A duodenal ulcer is a type of peptic ulcer that forms in the duodenum, which is the first part of the small intestine just after the stomach. It is a common type of ulcer and typically occurs when the protective lining of the duodenum is eroded, leading to an open sore or lesion.

  • Helicobacter pylori (H. pylori) infection: This bacterium is a major cause of duodenal ulcers. It disrupts the mucosal lining and triggers inflammation, making the duodenum more vulnerable to acid damage.
  • Nonsteroidal anti-inflammatory drugs (NSAIDs): Long-term use of NSAIDs (e.g., ibuprofen, aspirin) can damage the stomach and duodenal lining by inhibiting prostaglandins, which protect the mucosal lining.
  • Excessive acid production: In some cases, increased gastric acid production may contribute to ulcer formation. This is often seen in conditions like Zollinger-Ellison syndrome, where tumours cause the overproduction of stomach acid.
  • Alcohol and smoking
  • Psychological stress: Although stress does not directly cause ulcers, it may exacerbate symptoms or interfere with healing.
  • Genetic factors

  • Abdominal pain: Often described as a burning or gnawing pain in the upper abdomen, especially on an empty stomach. The pain may improve temporarily after eating or taking antacids but often returns.
  • Bloating and belching
  • Nausea and vomiting
  • Loss of appetite
  • Indigestion (dyspepsia)
  • Black, tarry stools (indicating gastrointestinal bleeding)
  • Vomiting blood
  • Sudden, severe abdominal pain (which may indicate perforation)
  • Unexplained weight loss

  • Endoscopy (Gastroscopy): A flexible tube with a camera is inserted into the stomach and duodenum to directly visualise ulcers and take biopsies if necessary.
  • Barium swallow (Upper GI Series): X-rays taken after swallowing a contrast material can show ulcers in the duodenum.
  • H. pylori testing: Tests like urea breath test, stool antigen test, or blood antibody test can confirm the presence of H. pylori infection.
  • Blood tests: To check for anaemia (if bleeding is suspected) or signs of infection.

The treatment of duodenal ulcers focuses on relieving symptoms, promoting healing, and preventing complications.
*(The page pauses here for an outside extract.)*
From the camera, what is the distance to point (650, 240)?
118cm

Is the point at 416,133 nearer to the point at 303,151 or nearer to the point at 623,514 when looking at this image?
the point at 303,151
It includes:

  • Antibiotics (for H. pylori): If an H. pylori infection is present, a combination of antibiotics (e.g., amoxicillin, clarithromycin) and a proton pump inhibitor (PPI) is used to eradicate the bacteria.
  • Proton pump inhibitors (PPIs): Medications like omeprazole, esomeprazole, or pantoprazole reduce stomach acid production, allowing the ulcer to heal.
  • H2-receptor antagonists: Medications like ranitidine or famotidine also reduce acid production but are less potent than PPIs.
  • Antacids and H2 blockers: These can help neutralise stomach acid and provide symptom relief.
  • Antibiotics (if needed): For H. pylori infection.
  • Avoidance of NSAIDs: Stopping the use of NSAIDs or switching to alternative pain-relief options is crucial if they are contributing to the ulcer.
  • Lifestyle modifications: Avoid smoking, limit alcohol consumption, and manage stress.
  • Surgical treatment: Surgery is rarely needed but may be required if the ulcer is large, doesn't heal with treatment, or causes complications such as bleeding, perforation, or obstruction.

  • Limit NSAID use: Use NSAIDs only when necessary and with caution.
  • Eradicate H. pylori: If you are diagnosed with an H. pylori infection, complete the prescribed antibiotic regimen.
  • Avoid smoking and excess alcohol: Both can increase the risk of ulcers.
  • Manage stress: Engage in stress-reduction techniques like exercise, yoga, or meditation.